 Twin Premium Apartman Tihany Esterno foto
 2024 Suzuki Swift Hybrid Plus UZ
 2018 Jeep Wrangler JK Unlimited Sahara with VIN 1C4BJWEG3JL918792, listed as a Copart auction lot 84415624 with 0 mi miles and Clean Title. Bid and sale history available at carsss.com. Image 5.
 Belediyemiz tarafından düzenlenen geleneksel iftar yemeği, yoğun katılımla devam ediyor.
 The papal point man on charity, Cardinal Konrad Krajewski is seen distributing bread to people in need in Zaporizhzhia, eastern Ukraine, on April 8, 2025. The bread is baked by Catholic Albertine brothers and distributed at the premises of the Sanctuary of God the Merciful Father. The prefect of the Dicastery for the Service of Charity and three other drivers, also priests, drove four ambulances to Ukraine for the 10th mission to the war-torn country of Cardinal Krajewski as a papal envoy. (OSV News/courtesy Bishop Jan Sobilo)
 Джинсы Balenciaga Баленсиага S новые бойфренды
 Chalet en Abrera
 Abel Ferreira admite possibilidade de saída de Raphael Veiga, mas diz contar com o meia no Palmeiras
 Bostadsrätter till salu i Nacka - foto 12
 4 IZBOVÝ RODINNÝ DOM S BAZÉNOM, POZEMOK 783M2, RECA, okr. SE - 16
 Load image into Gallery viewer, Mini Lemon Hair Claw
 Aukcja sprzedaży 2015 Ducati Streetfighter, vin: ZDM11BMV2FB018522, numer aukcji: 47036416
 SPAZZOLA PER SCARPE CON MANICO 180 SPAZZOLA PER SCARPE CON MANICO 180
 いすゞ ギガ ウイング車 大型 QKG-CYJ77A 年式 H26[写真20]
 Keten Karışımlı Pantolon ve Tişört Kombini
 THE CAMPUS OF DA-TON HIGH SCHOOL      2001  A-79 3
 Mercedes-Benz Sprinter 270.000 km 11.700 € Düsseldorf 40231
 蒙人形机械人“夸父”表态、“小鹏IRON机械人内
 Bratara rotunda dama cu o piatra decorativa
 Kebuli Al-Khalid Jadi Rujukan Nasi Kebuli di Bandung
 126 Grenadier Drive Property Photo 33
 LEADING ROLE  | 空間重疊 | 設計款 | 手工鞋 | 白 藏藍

════════════════════

> **Work to complete**: How many lines in these entries hold the string "foto"? Answer with the number alone.

> **Response for this exercise**: 2